Both the Twins and Indians are more talented than they’ve shown, but the problem for each is that their slow starts have left them lagging outside of the division. With both the Yankees and Red Sox looking like world beaters, one of those two teams is practically assured of a wild-card spot, leaving the loser of the AL Central race to try to fend off the Angels, Mariners, Blue Jays and A’s for the fifth and final playoff spot. And with the division odds still firmly in Cleveland’s favor—the Indians stand a 89.9% chance to finish in first, according to FanGraphs—that’s bad news for the Twins, who have cost themselves dearly with their awful April and mediocre May.

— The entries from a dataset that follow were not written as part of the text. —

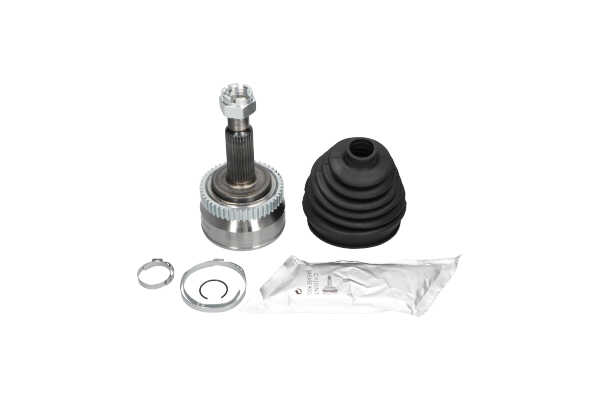 KAVO PARTS CV-3019 genuine KIA Optima / K5 (DL3) cv joint price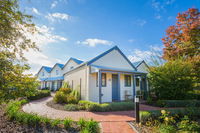 Book Hahndorf Accommodation Vacations Dalby Accommodation Dalby Accommodation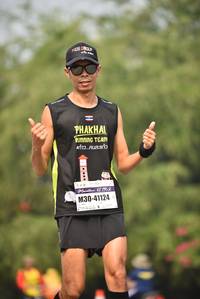 BIB: 12195, 41124
                            <button type="button" onclick="openModal(9032495)" class="btn btn-primary btn-sm float-right btn-popup" data-toggle="modal" data-target=".modal-high-quality">
                        <i class="fas fa-shopping-cart"></i> Add to Cart
                    </button>
                                            <button type="button" onclick="isThisMe(9032495, true)" class="btn btn-success btn-sm float-right btn-popup btn-isme hidden" data-toggle="tooltip" data-placement="bottom" title="นี่คือรูปของคุณใช่ไหม คลิกที่นี่เพื่อเอาเข้าอัลบั้ม">
                        <i class="fas fa-plus"></i> Add to album
                    </button>
                    <button type="button" onclick="isThisMe(9032495, false)" class="btn btn-warning btn-sm float-right btn-popup btn-isnotme hidden">
                        <i class="fas fa-ban"></i> Remove from album
                    </button>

The good news for both is that the rest of the season features plenty of games against the bottom of the division, with chances to fatten up against rebuilding squads—all of whom should get worse as they slough off their veteran talent this summer. Then again, as the Tigers have already shown, even tanking teams still win a few games every now and then, and in the decrepit Central, there are apparently more games up for the taking than we thought.
ROUNDTABLE: SHOULD MLB IMPLEMENT RULES TO BAN OR RESTRICT HOW DEFENSES CAN SHIFT?
Gabriel Baumgaertner: I hate to be the curt one with the terse answer but, in short, no. If they’re shifting you, learn how to hit the ball away from it. Or learn how to bunt. Stifling a strategic innovation because it may be annoying to some managers is probably the worst reason to change the rules in any sport. Outside of the pitcher and catcher, baseball doesn’t have fixed positions in the infield and outfield. In fact, I can’t wait for the day an opponent of the Cubs puts a six-man infield in front of Jason Heyward with a game on the line.
Michael Beller: I’ve typically resisted any idea to limit shifts. I think teams should generally be able to do whatever they want with their fielders, and I’m all for the game getting smarter. Plus, if you’re a hitter who regularly faces an extreme shift, the onus should be on you to force the defense to pay. I understand that these are generally players who get paid to hit homers, but there’s nothing wrong with a single, especially since a lot of these guys hit in the middle of the lineup. The guys coming up behind them are perfectly capable of creating runs, too.
Having said that, it’s safe to say that shifts are a factor in the sharp decline in balls in play. If one of the only ways to beat a shift is to hit a ball over it, and the best way to beat a hitter who’s trying to lift the ball is to throw it past him up in the zone, then shifts are going to lead to more homers and strikeouts. Homers and strikeouts are cool, but I think anyone who loves baseball would like to see more balls in play. If the league can produce data that definitively proves shifts are helping drive the reduction in balls in play, then I could get on board with some sort of limit on them. Short of that, however, I say shift to your heart’s content.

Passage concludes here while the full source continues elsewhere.